Task instructions
Print the lines below from the line with "The second column" to the line with "To update an" exactly, keeping both ends, and print no pictures.

Data extract
┄┄┄┄┄┄┄┄┄┄┄┄┄┄┄┄┄┄┄┄

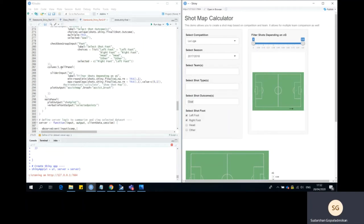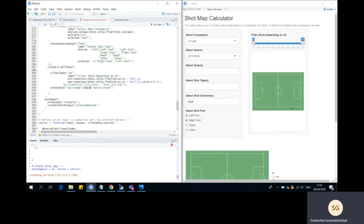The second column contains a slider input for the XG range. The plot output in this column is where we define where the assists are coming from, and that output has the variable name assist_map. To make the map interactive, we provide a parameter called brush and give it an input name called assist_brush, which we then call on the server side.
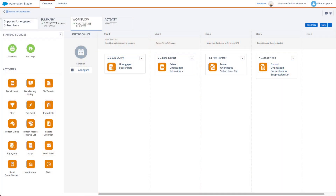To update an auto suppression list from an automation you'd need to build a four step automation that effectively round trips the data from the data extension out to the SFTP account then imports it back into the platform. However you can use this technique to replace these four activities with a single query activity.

┄┄┄┄┄┄┄┄┄┄┄┄┄┄┄┄┄┄┄┄

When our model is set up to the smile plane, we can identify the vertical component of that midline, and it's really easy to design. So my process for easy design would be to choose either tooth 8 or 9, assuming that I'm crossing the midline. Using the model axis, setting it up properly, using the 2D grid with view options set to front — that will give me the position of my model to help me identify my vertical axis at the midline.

┄┄┄┄┄┄┄┄┄┄┄┄┄┄┄┄┄┄┄┄

Answer
The second column contains a slider input for the XG range. The plot output in this column is where we define where the assists are coming from, and that output has the variable name assist_map. To make the map interactive, we provide a parameter called brush and give it an input name called assist_brush, which we then call on the server side.
To update an auto suppression list from an automation you'd need to build a four step automation that effectively round trips the data from the data extension out to the SFTP account then imports it back into the platform. However you can use this technique to replace these four activities with a single query activity.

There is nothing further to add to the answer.